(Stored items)
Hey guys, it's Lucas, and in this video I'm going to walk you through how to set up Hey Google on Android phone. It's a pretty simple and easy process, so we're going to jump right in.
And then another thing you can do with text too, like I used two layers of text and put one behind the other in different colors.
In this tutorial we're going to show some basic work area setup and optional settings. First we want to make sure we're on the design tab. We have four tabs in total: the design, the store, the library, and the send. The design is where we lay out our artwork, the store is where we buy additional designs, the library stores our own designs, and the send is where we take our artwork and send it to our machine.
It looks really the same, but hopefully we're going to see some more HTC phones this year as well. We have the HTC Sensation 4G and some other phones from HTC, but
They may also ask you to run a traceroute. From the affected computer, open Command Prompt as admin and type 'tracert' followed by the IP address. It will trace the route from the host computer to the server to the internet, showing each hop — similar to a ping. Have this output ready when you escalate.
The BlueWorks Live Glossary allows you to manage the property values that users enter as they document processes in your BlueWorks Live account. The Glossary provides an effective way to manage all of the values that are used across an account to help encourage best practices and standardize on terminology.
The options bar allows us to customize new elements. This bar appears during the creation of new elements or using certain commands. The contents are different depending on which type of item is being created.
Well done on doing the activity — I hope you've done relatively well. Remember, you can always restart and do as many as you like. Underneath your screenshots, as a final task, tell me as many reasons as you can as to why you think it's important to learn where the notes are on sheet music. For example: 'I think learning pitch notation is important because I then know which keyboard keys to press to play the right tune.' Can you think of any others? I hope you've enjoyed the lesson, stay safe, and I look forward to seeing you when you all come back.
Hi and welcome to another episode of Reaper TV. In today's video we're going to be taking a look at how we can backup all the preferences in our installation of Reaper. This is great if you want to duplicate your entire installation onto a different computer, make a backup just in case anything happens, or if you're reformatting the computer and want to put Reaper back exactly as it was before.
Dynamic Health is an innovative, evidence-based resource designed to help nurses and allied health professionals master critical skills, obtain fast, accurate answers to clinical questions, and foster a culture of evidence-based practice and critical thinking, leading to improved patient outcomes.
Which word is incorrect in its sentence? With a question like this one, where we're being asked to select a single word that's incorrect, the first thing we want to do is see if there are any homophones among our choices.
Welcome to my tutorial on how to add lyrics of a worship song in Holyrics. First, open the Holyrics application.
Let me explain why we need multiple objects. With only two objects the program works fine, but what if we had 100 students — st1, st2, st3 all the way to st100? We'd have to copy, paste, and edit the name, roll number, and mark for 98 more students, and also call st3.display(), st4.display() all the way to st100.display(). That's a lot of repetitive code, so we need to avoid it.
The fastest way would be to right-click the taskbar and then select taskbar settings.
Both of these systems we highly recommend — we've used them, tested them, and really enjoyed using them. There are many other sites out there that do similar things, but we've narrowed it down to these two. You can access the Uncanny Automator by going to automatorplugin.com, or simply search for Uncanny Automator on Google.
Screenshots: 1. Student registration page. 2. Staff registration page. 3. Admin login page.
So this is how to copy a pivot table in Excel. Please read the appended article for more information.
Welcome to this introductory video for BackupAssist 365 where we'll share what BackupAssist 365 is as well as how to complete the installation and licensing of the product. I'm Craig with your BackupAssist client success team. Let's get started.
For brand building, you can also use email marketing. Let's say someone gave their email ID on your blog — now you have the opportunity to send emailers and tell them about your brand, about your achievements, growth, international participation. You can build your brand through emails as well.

### EXERCISE GOAL
Give an exact copy of all the data shown above.

### TASK ANSWER
Hey guys, it's Lucas, and in this video I'm going to walk you through how to set up Hey Google on Android phone. It's a pretty simple and easy process, so we're going to jump right in.
And then another thing you can do with text too, like I used two layers of text and put one behind the other in different colors.
In this tutorial we're going to show some basic work area setup and optional settings. First we want to make sure we're on the design tab. We have four tabs in total: the design, the store, the library, and the send. The design is where we lay out our artwork, the store is where we buy additional designs, the library stores our own designs, and the send is where we take our artwork and send it to our machine.
It looks really the same, but hopefully we're going to see some more HTC phones this year as well. We have the HTC Sensation 4G and some other phones from HTC, but
They may also ask you to run a traceroute. From the affected computer, open Command Prompt as admin and type 'tracert' followed by the IP address. It will trace the route from the host computer to the server to the internet, showing each hop — similar to a ping. Have this output ready when you escalate.
The BlueWorks Live Glossary allows you to manage the property values that users enter as they document processes in your BlueWorks Live account. The Glossary provides an effective way to manage all of the values that are used across an account to help encourage best practices and standardize on terminology.
The options bar allows us to customize new elements. This bar appears during the creation of new elements or using certain commands. The contents are different depending on which type of item is being created.
Well done on doing the activity — I hope you've done relatively well. Remember, you can always restart and do as many as you like. Underneath your screenshots, as a final task, tell me as many reasons as you can as to why you think it's important to learn where the notes are on sheet music. For example: 'I think learning pitch notation is important because I then know which keyboard keys to press to play the right tune.' Can you think of any others? I hope you've enjoyed the lesson, stay safe, and I look forward to seeing you when you all come back.
Hi and welcome to another episode of Reaper TV. In today's video we're going to be taking a look at how we can backup all the preferences in our installation of Reaper. This is great if you want to duplicate your entire installation onto a different computer, make a backup just in case anything happens, or if you're reformatting the computer and want to put Reaper back exactly as it was before.
Dynamic Health is an innovative, evidence-based resource designed to help nurses and allied health professionals master critical skills, obtain fast, accurate answers to clinical questions, and foster a culture of evidence-based practice and critical thinking, leading to improved patient outcomes.
Which word is incorrect in its sentence? With a question like this one, where we're being asked to select a single word that's incorrect, the first thing we want to do is see if there are any homophones among our choices.
Welcome to my tutorial on how to add lyrics of a worship song in Holyrics. First, open the Holyrics application.
Let me explain why we need multiple objects. With only two objects the program works fine, but what if we had 100 students — st1, st2, st3 all the way to st100? We'd have to copy, paste, and edit the name, roll number, and mark for 98 more students, and also call st3.display(), st4.display() all the way to st100.display(). That's a lot of repetitive code, so we need to avoid it.
The fastest way would be to right-click the taskbar and then select taskbar settings.
Both of these systems we highly recommend — we've used them, tested them, and really enjoyed using them. There are many other sites out there that do similar things, but we've narrowed it down to these two. You can access the Uncanny Automator by going to automatorplugin.com, or simply search for Uncanny Automator on Google.
Screenshots: 1. Student registration page. 2. Staff registration page. 3. Admin login page.
So this is how to copy a pivot table in Excel. Please read the appended article for more information.
Welcome to this introductory video for BackupAssist 365 where we'll share what BackupAssist 365 is as well as how to complete the installation and licensing of the product. I'm Craig with your BackupAssist client success team. Let's get started.
For brand building, you can also use email marketing. Let's say someone gave their email ID on your blog — now you have the opportunity to send emailers and tell them about your brand, about your achievements, growth, international participation. You can build your brand through emails as well.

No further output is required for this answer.